▶ _Assigned task_
Write out the data exactly from its first line onward, ending with the line in which "El hombre se" appears.

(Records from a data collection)
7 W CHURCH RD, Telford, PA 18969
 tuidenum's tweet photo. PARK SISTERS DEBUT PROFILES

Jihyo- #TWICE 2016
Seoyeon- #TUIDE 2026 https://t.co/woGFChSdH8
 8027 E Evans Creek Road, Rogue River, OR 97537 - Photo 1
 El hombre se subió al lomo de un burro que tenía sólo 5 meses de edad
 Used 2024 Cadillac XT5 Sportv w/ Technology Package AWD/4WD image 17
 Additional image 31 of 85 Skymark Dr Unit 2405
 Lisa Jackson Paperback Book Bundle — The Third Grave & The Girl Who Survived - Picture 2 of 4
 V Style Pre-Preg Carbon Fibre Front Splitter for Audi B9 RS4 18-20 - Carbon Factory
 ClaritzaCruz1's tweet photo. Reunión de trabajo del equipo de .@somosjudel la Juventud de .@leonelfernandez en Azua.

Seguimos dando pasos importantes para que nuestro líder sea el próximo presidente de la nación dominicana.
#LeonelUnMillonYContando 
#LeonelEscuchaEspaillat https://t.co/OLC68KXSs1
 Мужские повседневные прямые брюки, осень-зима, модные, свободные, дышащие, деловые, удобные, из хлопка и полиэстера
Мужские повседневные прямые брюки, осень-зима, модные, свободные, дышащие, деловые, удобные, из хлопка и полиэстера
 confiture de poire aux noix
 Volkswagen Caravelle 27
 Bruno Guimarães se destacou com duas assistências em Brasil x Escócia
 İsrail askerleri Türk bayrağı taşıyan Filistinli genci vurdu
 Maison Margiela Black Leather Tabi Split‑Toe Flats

▶ _Task solution_
7 W CHURCH RD, Telford, PA 18969
 tuidenum's tweet photo. PARK SISTERS DEBUT PROFILES

Jihyo- #TWICE 2016
Seoyeon- #TUIDE 2026 https://t.co/woGFChSdH8
 8027 E Evans Creek Road, Rogue River, OR 97537 - Photo 1
 El hombre se subió al lomo de un burro que tenía sólo 5 meses de edad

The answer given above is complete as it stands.